You want to hold someone accountable when an accident injures you. You deserve compensation for your injuries and suffering.
You may already know Florida has “no fault” motor vehicle insurance and compensation laws. Tourists likely have no idea what this means, but their ignorance is no excuse.
You file a claim with your insurance company for injuries. If your injuries are severe or permanent, you can file a claim against the other driver. You also file a claim against him or her and his or her insurance company for vehicle damage.
Florida does not have many limitations on compensation. The deadline for your claim is four years from the date of the accident.
The other driver’s fault
If your case goes to trial, a judge or jury decides fault. Florida is a “pure comparative negligence” state. That means the judge or jury will calculate percentages of fault. If they determine you are 25% at fault, you pay 25% of the award.

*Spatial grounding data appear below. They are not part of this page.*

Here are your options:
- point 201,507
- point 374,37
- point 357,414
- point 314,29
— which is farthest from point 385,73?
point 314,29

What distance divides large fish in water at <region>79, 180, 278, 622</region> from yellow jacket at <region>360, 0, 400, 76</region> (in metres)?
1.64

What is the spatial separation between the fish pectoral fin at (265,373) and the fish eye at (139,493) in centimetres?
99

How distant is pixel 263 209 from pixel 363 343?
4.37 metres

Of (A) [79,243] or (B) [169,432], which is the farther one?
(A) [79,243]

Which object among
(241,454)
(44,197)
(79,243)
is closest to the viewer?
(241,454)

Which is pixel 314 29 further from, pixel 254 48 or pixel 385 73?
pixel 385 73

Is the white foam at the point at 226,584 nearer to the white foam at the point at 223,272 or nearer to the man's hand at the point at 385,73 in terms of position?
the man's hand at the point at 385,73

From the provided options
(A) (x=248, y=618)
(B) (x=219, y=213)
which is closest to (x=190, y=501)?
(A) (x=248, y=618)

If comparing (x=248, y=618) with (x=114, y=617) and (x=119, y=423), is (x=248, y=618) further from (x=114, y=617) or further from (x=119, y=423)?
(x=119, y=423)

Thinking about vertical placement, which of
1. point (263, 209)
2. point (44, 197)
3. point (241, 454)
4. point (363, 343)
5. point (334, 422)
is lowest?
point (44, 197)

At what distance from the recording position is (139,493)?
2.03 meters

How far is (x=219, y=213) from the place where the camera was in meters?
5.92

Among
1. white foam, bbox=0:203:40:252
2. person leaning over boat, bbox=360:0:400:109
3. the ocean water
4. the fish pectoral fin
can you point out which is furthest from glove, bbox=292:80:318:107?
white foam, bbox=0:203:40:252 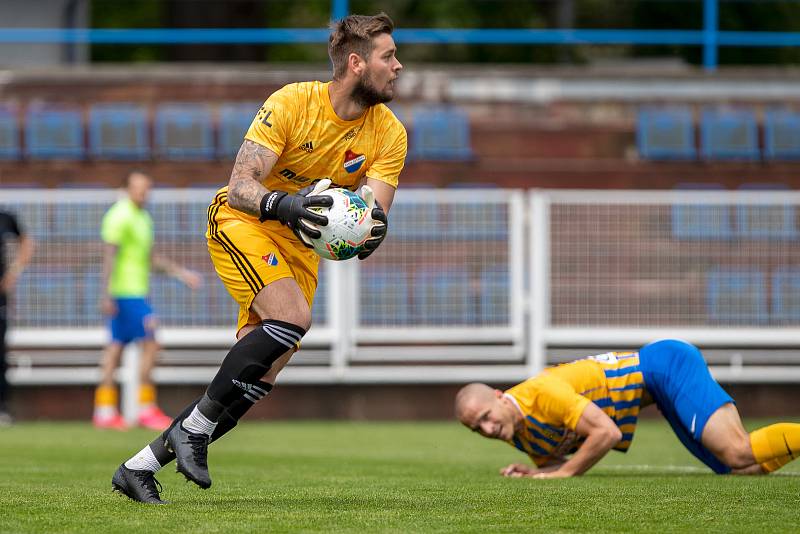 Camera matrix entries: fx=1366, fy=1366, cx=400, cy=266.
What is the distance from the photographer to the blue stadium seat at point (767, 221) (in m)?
15.1

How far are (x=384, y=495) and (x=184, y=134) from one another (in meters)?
10.9

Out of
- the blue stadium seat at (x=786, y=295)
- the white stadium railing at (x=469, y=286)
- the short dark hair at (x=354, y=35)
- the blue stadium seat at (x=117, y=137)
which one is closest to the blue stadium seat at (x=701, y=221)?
the white stadium railing at (x=469, y=286)

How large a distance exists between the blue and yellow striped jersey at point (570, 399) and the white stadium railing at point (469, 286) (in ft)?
22.9

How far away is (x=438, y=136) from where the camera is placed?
673 inches

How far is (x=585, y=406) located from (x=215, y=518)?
2.67 meters

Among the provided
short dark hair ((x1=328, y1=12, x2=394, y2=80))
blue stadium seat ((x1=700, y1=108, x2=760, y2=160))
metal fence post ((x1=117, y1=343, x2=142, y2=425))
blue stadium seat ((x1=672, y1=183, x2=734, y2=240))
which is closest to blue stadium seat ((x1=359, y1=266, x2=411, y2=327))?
metal fence post ((x1=117, y1=343, x2=142, y2=425))

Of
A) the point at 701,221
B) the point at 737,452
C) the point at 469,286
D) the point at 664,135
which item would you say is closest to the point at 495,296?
the point at 469,286

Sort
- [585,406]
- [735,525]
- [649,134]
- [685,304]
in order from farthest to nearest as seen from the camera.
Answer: [649,134] < [685,304] < [585,406] < [735,525]

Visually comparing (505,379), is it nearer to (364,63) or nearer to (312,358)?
(312,358)

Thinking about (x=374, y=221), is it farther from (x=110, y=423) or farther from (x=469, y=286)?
(x=469, y=286)

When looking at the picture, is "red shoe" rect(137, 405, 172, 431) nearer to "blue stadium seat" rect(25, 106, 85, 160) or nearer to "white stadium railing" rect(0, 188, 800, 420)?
"white stadium railing" rect(0, 188, 800, 420)

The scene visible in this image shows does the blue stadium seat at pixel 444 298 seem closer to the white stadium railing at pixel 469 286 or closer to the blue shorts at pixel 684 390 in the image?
the white stadium railing at pixel 469 286

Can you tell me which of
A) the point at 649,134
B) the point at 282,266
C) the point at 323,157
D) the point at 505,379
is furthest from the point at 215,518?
the point at 649,134

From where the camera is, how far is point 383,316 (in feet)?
50.1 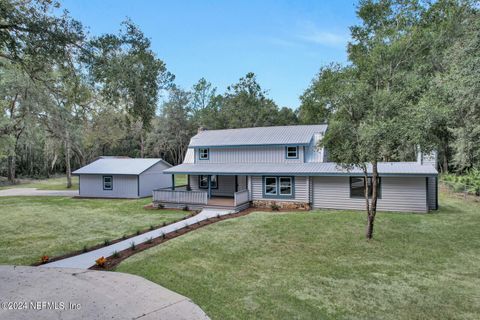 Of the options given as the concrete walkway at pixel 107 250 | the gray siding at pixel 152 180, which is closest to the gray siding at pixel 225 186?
the gray siding at pixel 152 180

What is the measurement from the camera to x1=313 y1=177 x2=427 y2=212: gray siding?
14438 mm

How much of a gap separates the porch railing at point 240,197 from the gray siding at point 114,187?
9.58m

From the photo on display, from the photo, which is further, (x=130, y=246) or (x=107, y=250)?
(x=130, y=246)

Key to proving another driver is at fault can be a police report. The officer who investigates the accident may issue a ticket. Even if he or she does not, the officer may cite a reason for the accident, which can help determine liability. Get a copy of the report.
A faulty system
The fault in some accidents is obvious. Blame in other accidents is less clear. It can be your word against the word of the other driver, and few people willingly admit they are at fault in an accident. Evidence can be especially important to make a case when a crash involves an out-of-state tourist.